Table 5. Model performance for supratherapeutic.

Models		Precision, %	Recall, %	F1 score, %
Data set 1: MIMIC-III^a (intravenous push patients)
	Random forest	75.95	75.00	75.47
	Adaptive boosting	67.37	80.00	73.14
	Support vector machine	100	57.50	73.02
	Extreme gradient boosting	80.77	78.75	79.75
	Shallow neural network	88.00	82.50	85.16
Data set 2: MIMIC-III (intravenous drip patients)
	Random forest	67.50	54.00	60.00
	Adaptive boosting	75.00	72.00	73.47
	Support vector machine	100	58.00	73.42
	Extreme gradient boosting	76.47	78.00	77.23
	Shallow neural network	86.54	90.00	88.24
Data set 3: eICU^b (intravenous drip patients)
	Random forest	63.64	87.50	73.68
	Adaptive boosting	75.00	87.50	80.77
	Support vector machine	95.24	83.33	88.89
	Extreme gradient boosting	81.48	91.67	86.27
	Shallow neural network	95.45	87.50	91.30

^aMultiparameter Intelligent Monitoring In Intensive Care III database.

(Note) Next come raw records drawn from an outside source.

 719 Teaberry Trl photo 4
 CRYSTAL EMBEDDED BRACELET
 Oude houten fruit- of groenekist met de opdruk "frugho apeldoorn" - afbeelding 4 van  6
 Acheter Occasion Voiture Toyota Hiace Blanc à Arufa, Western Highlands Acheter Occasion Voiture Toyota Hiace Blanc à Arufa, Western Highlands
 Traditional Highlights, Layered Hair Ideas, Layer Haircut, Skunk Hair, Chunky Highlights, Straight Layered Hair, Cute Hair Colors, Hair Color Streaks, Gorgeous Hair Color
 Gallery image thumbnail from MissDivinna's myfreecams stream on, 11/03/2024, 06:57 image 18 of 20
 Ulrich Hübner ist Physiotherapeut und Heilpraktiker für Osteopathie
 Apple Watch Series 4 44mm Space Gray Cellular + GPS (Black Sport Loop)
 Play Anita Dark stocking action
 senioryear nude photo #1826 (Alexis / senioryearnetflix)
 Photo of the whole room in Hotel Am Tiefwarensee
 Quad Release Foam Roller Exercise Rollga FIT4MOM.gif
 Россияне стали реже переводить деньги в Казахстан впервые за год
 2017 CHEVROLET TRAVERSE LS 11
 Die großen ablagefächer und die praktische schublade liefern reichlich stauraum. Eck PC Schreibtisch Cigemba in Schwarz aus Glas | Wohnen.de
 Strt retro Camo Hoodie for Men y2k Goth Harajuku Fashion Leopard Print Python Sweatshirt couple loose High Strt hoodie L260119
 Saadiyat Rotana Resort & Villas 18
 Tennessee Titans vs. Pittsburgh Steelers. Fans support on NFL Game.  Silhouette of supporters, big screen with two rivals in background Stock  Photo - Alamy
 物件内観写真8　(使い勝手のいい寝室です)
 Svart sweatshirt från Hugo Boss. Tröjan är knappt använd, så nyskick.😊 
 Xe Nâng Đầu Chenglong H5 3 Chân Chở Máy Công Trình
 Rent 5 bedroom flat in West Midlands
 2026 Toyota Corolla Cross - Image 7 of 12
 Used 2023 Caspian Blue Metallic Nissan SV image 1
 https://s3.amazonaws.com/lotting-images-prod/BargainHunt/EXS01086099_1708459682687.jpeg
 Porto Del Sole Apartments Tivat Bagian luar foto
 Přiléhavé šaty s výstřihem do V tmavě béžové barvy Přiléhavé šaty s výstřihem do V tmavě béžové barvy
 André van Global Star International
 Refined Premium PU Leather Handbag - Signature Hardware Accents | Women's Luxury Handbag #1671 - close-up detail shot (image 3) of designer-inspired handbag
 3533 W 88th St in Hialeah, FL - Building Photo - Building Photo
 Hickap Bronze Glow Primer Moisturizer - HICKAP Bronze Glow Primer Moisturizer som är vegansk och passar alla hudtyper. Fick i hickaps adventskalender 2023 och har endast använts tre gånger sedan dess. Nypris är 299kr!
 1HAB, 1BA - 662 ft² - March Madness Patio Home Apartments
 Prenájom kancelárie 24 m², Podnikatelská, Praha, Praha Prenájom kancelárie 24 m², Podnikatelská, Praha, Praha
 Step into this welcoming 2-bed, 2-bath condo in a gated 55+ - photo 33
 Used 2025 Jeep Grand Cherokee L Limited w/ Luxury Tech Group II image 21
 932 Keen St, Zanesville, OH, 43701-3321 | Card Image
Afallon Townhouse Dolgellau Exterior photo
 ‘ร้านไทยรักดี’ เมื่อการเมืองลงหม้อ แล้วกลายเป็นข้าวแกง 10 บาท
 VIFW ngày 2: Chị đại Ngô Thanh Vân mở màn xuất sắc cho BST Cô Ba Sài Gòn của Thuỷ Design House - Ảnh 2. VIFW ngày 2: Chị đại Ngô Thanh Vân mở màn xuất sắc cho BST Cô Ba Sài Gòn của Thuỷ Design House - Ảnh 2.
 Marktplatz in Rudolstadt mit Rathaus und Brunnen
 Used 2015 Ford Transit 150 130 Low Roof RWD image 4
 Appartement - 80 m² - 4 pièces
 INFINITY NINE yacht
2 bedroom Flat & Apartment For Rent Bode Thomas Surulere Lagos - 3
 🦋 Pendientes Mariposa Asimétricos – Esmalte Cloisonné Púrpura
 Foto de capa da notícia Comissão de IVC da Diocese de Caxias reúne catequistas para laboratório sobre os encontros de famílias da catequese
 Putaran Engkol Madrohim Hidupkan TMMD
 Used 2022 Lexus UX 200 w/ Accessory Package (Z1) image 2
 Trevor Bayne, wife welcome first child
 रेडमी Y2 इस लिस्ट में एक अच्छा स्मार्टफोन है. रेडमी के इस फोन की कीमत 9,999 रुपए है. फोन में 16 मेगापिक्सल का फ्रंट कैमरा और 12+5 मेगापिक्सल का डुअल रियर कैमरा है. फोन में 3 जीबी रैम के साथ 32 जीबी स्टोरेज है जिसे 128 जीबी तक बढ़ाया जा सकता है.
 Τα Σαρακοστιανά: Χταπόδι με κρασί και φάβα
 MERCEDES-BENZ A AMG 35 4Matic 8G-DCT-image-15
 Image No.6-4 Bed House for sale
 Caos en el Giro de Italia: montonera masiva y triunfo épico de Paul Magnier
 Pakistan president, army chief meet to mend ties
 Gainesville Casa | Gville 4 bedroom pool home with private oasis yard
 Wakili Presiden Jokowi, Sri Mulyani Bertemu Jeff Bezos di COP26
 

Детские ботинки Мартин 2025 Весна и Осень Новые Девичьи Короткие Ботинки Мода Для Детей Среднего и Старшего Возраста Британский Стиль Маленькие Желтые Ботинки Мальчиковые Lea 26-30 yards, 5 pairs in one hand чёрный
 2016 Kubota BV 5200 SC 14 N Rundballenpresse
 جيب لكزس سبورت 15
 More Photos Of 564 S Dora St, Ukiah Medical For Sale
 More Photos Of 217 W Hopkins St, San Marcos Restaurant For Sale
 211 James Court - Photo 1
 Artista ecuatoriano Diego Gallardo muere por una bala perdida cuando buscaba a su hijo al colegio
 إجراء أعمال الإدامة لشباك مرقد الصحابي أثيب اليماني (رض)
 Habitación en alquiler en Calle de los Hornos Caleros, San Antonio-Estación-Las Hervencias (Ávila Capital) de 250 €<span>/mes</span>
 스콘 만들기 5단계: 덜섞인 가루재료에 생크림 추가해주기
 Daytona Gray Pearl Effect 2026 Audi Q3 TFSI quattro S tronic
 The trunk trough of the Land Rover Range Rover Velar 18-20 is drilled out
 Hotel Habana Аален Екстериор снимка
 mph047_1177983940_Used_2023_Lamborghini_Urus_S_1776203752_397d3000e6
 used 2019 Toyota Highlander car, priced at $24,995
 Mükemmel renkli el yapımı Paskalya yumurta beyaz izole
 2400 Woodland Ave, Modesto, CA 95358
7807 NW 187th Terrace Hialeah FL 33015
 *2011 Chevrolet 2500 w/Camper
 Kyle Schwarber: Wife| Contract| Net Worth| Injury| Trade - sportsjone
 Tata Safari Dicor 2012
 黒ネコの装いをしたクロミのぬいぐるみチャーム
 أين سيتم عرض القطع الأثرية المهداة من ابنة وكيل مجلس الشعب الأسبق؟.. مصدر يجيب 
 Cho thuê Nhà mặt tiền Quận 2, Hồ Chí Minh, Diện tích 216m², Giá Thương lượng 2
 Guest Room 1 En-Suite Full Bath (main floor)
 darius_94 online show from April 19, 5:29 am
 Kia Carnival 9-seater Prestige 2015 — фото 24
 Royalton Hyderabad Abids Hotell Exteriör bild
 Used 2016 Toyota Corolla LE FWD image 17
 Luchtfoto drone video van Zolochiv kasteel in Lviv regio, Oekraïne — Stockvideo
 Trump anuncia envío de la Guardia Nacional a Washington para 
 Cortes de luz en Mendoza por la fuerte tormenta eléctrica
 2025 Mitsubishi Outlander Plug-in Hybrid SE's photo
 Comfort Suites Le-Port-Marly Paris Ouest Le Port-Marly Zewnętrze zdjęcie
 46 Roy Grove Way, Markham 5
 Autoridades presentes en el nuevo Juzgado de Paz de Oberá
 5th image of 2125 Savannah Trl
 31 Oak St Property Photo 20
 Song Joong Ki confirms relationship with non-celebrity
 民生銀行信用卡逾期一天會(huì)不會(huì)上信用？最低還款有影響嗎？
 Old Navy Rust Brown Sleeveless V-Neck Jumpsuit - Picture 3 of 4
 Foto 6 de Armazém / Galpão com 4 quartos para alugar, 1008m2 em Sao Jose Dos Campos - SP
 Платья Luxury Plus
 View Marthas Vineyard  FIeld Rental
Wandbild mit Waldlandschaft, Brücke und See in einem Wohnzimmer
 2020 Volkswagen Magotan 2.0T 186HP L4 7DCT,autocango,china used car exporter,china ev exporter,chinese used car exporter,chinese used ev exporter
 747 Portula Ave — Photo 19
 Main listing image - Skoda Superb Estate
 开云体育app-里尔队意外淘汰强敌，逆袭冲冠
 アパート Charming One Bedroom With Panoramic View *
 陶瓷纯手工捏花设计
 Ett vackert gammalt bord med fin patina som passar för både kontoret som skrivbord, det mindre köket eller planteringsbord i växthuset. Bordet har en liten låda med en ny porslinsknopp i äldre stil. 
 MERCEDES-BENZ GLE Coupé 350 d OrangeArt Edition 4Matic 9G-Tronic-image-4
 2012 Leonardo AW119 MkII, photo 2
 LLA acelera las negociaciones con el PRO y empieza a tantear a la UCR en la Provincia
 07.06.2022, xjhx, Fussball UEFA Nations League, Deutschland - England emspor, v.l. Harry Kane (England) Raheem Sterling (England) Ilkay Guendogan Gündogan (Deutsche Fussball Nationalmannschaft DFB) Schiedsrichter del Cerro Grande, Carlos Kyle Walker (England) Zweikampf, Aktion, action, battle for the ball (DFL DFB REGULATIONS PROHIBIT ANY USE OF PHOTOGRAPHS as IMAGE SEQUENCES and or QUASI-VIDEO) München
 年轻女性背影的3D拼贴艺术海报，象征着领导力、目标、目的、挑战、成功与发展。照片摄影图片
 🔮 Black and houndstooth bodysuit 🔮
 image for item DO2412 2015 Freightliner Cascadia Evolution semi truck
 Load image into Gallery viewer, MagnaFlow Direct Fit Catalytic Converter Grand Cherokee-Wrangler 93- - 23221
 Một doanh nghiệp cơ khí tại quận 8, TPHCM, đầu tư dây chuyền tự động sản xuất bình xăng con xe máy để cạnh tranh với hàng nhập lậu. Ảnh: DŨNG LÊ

^beICU: e–Intensive Care Unit database.

Principal Results

In our experiments, the neural network achieved the highest scores for all evaluation metrics. The neural network model uses multiple layers to progressively extract higher level features from the raw data which might be the reason that the neural network is able to learn some unknown features that help to provide a better classification of normal therapeutic activated partial thromboplastin time. Since different features may be correlated (such as the creatinine value and aspartate aminotransferase), linear classification models are not appropriate. Random forest, adaptive boosting, and extreme gradient boosting are ensemble learning methods. By integrating weak classifiers, classification performance was greatly improved. The support vector machine with Gaussian kernel is a widely used and powerful classifier. Gaussian kernels ensure that the classifier is nonlinear, which suited the characteristics of our data, and the method was able to demonstrate high performance; however, the neural network model was able to take into account complex relationships between the variables with complex functions. Among the methods tested, the shallow neural network performed the best. The shallow neural network achieved performance approximately 10% higher than that of the other algorithms for each metric (precision, recall, F1 score, and accuracy) in intravenous push cases (data set 1) and achieved performance approximately 9% higher than that of the other algorithm metrics in intravenous drip cases (data set 2 and data set 3). Extreme gradient boosting, adaptive boosting, and the support vector machine were the models that subperformed to the shallow neural network although their scores were, nevertheless, all above 70%. The random forest model demonstrated the worst performance.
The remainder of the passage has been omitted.